====== Data records
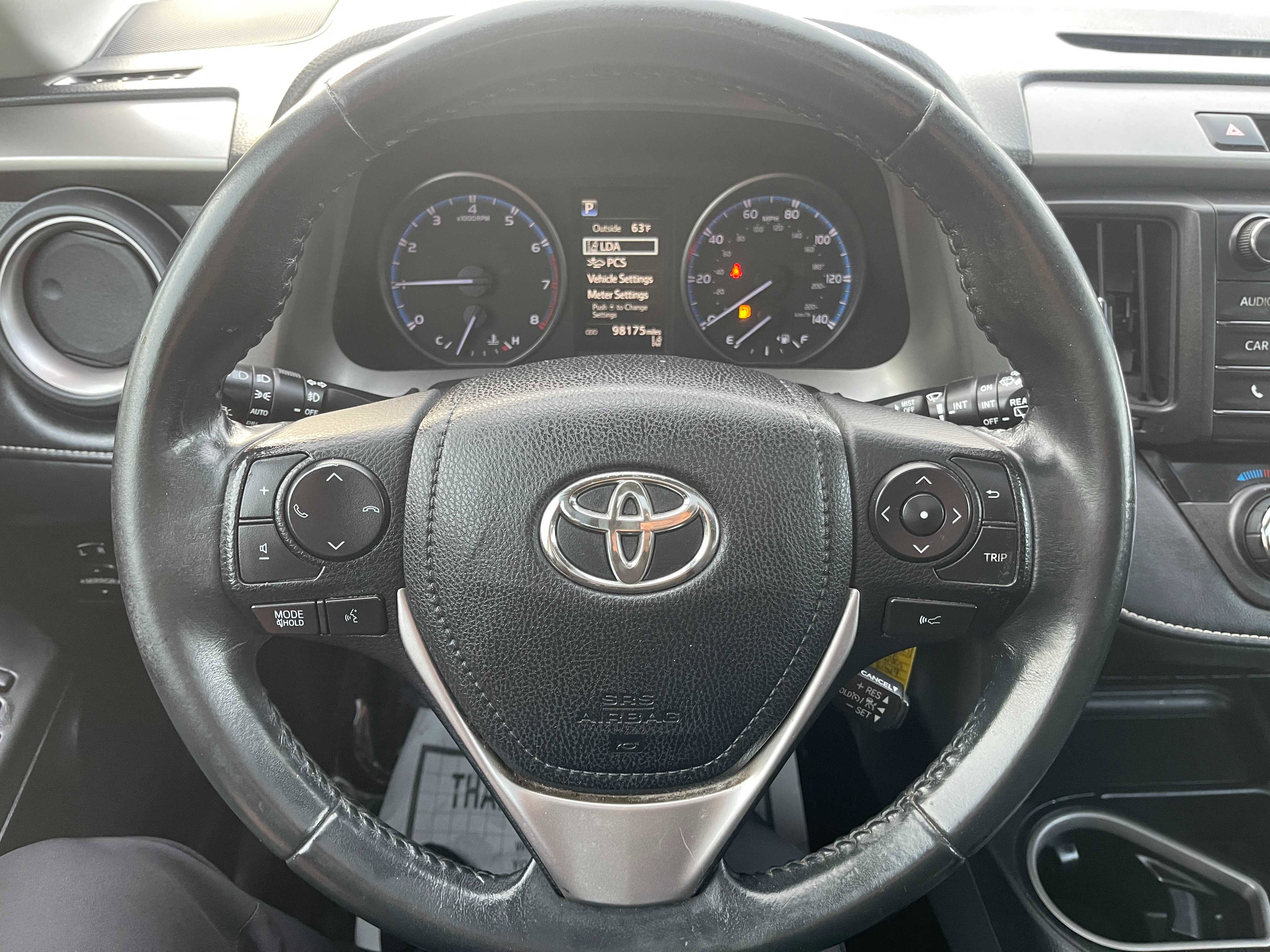 Used 2018 Toyota RAV4 XLE image 23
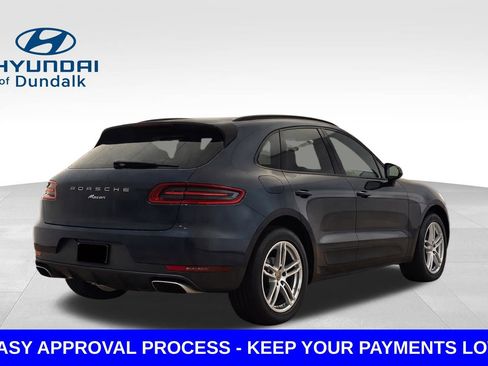 Used 2017 Porsche Macan AWD/4WD image 2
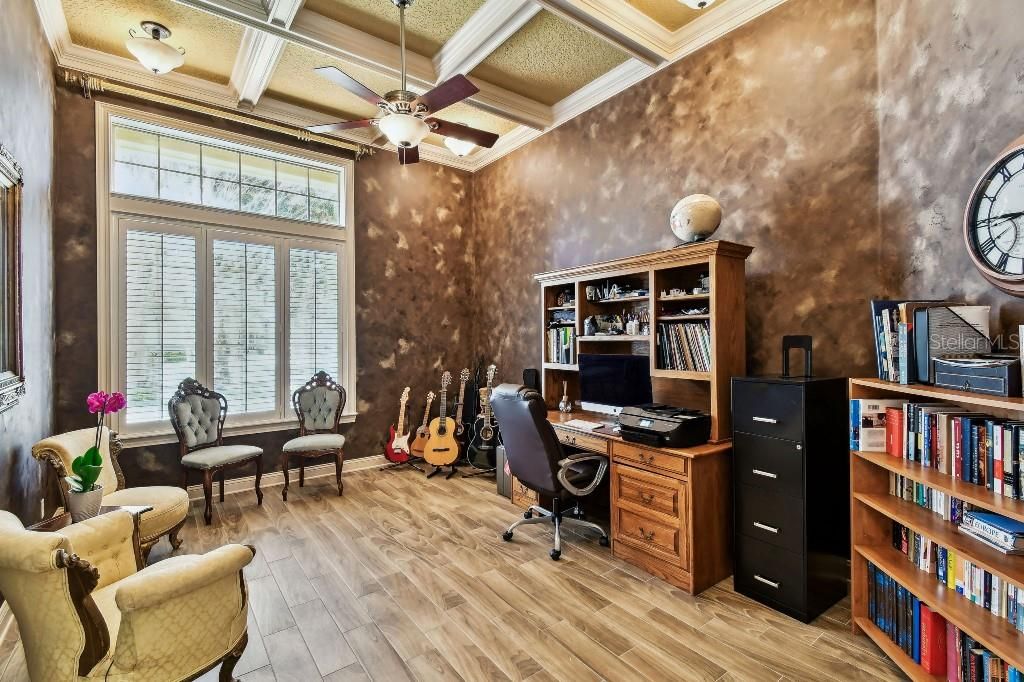 For Sale: $1,749,000 (5 beds, 4 baths, 4582 Square Feet)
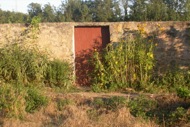 Torà: Porta d'entrada amb flors  Ramon Sunyer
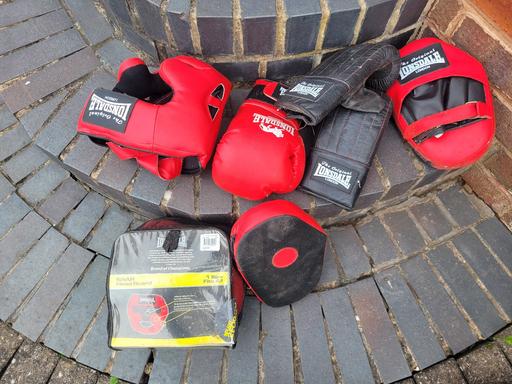 Buy & Sell Oldbury Sandwell - Photos for Boxing headguards, punching mitts & gloves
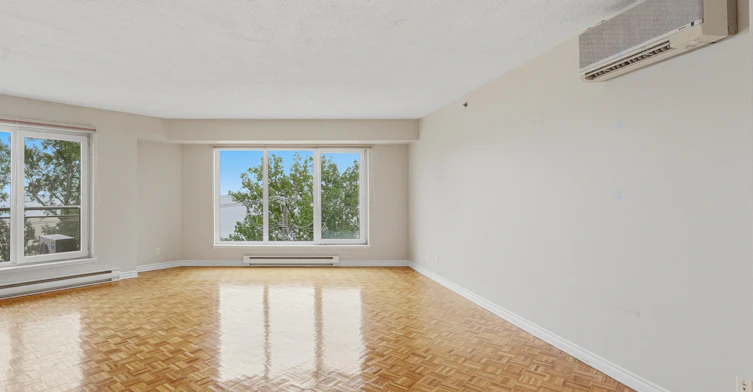 401-18 Du Bord Du Lac Lakeshore Chemin, Pointe-Claire, QC, H9S 5X9 - 12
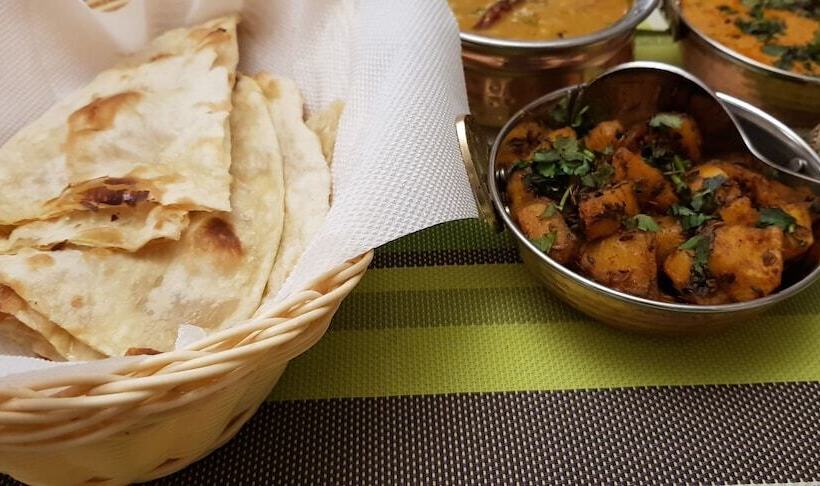 تختخواب و صبحانه Northern Pearl Limited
============
• **Task to carry out**
Give back each of the records above word for word, apart from the pictures.

• **Task answer**
 Used 2018 Toyota RAV4 XLE image 23
 Used 2017 Porsche Macan AWD/4WD image 2
 For Sale: $1,749,000 (5 beds, 4 baths, 4582 Square Feet)
 Torà: Porta d'entrada amb flors  Ramon Sunyer
 Buy & Sell Oldbury Sandwell - Photos for Boxing headguards, punching mitts & gloves
 401-18 Du Bord Du Lac Lakeshore Chemin, Pointe-Claire, QC, H9S 5X9 - 12
 تختخواب و صبحانه Northern Pearl Limited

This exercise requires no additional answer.